> **What you should do**: The listing is to be printed word for word, pictures omitted.

### Data

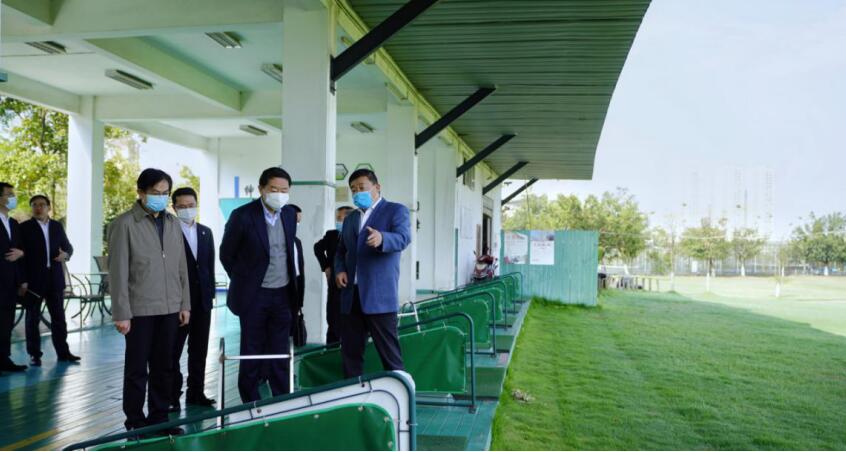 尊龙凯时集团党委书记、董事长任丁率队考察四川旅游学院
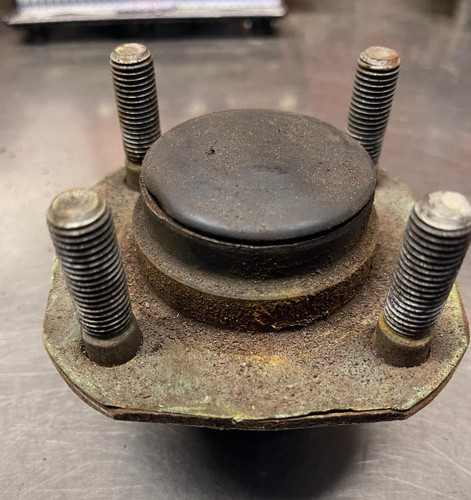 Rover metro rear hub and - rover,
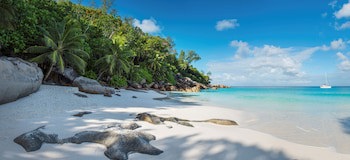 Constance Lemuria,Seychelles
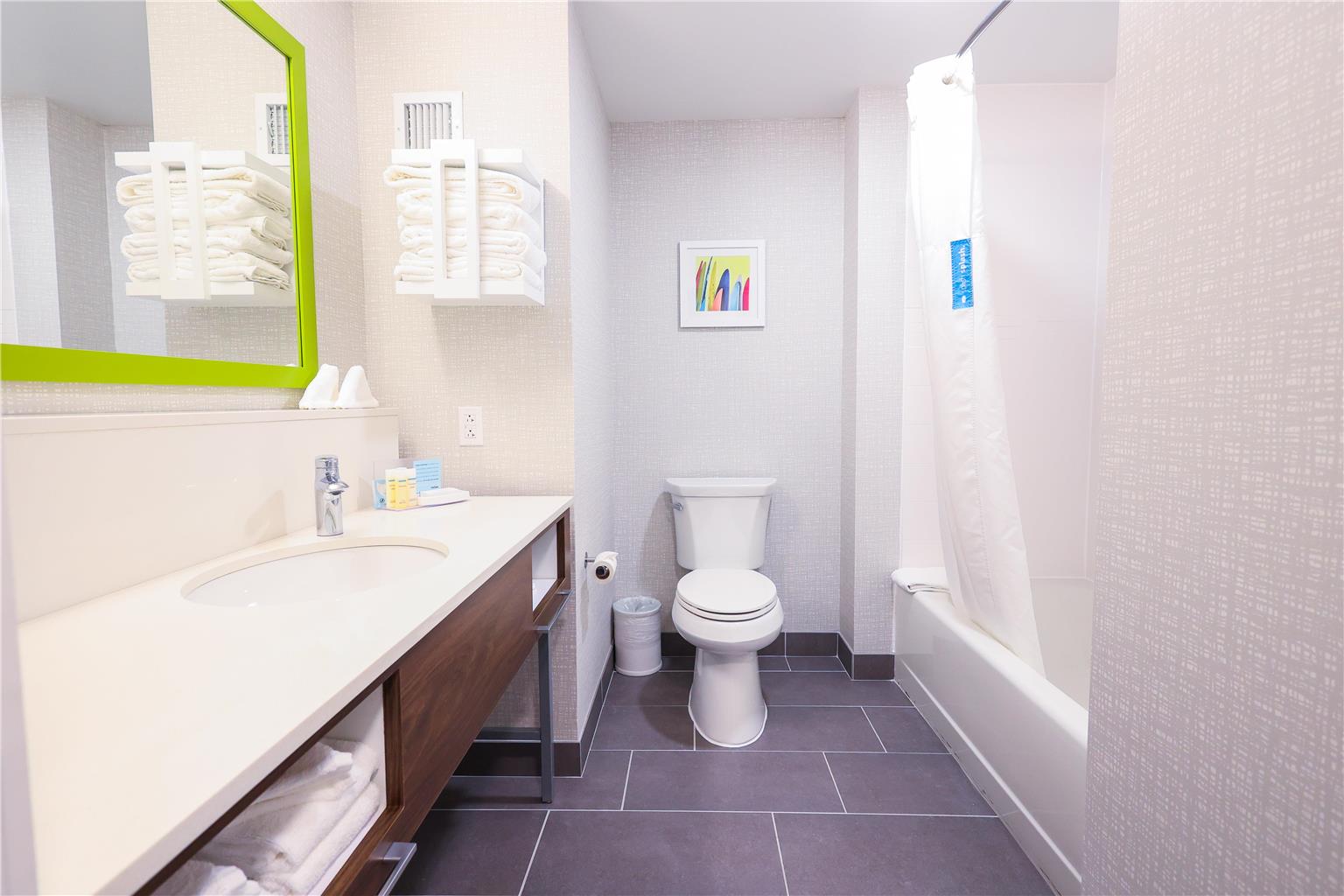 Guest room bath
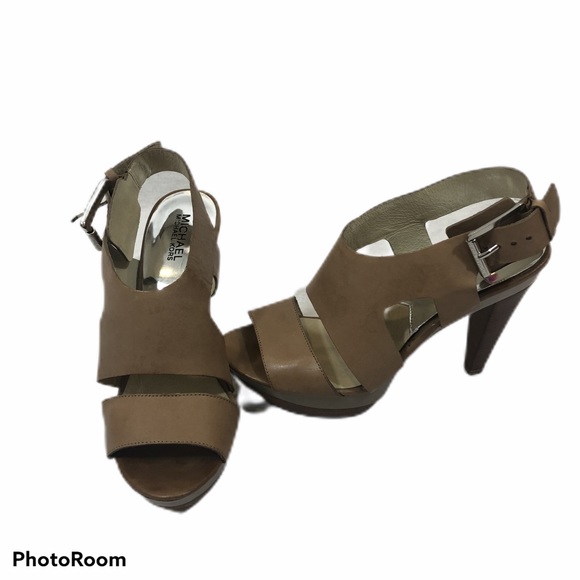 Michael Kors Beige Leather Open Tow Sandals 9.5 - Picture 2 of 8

######

> **Solved exercise**:
 尊龙凯时集团党委书记、董事长任丁率队考察四川旅游学院
 Rover metro rear hub and - rover,
 Constance Lemuria,Seychelles
 Guest room bath
 Michael Kors Beige Leather Open Tow Sandals 9.5 - Picture 2 of 8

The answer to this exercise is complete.